You can prevent context switching to other threads. But I agree, with a
large vma (which is already faulted in), you can get similar behaviour.

> Is there an old thread I can refer to with more details about this? It may
> be that some of the assumptions there no longer hold with subsequent changes
> to the fault handling on this path.

You could search the list for "do_cache_op", I don't have any at hand.
Will Deacon March 27, 2013, 12:43 p.m. UTC | #4
On Wed, Mar 27, 2013 at 12:21:59PM +0000, Catalin Marinas wrote:
> On Wed, Mar 27, 2013 at 12:15:12PM +0000, Will Deacon wrote:
> > On Wed, Mar 27, 2013 at 11:09:38AM +0000, Catalin Marinas wrote:
> > > While this would work, it introduces a possibility of DoS where an
> > > application passes bigger valid range (kernel linear mapping) and the
> > > kernel code would not be preempted (CONFIG_PREEMPT disabled). IIRC,
> > > that's why Russell reject such patch a while back.
> > 
> > Hmm, I'm not sure I buy that argument. Firstly, you can't just pass a kernel
> > linear mapping address -- we'll fault straight away because it's not a
> > userspace address.
> 
> Fault where?

I was expecting something like an access_ok check, but you're right, we
don't have one (and I guess that's not strictly needed given that flushing
isn't destructive).
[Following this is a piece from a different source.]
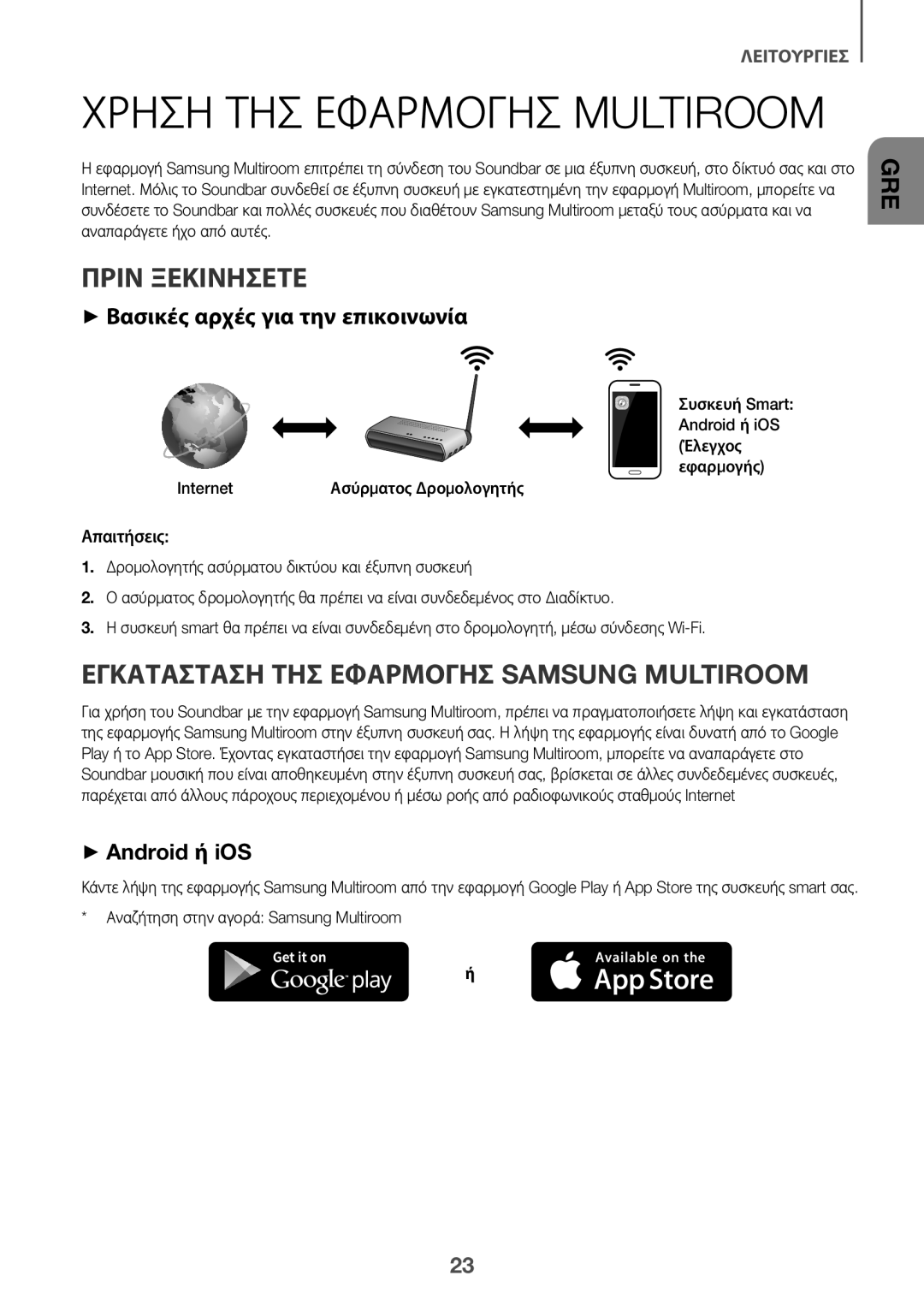 Samsung HW-J6501R/ZF Πριν Ξεκινήσετε, Εγκατάσταση ΤΗΣ Εφαρμογήσ Samsung Multiroom, ++Βασικές αρχές για την επικοινωνία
I still find it a bit scary that we allow userspace to
pass kernel addresses through though -- especially if there's something like
a DMA or CPU suspend operation running on another core.

> > Secondly, what's to stop an application from mmaping a large area into
> > a single VMA and giving rise to the same situation? Finally,
> > interrupts are enabled during this operation, so I don't understand
> > how you can trigger a DoS, irrespective of the preempt configuration.
> 
> You can prevent context switching to other threads. But I agree, with a
> large vma (which is already faulted in), you can get similar behaviour.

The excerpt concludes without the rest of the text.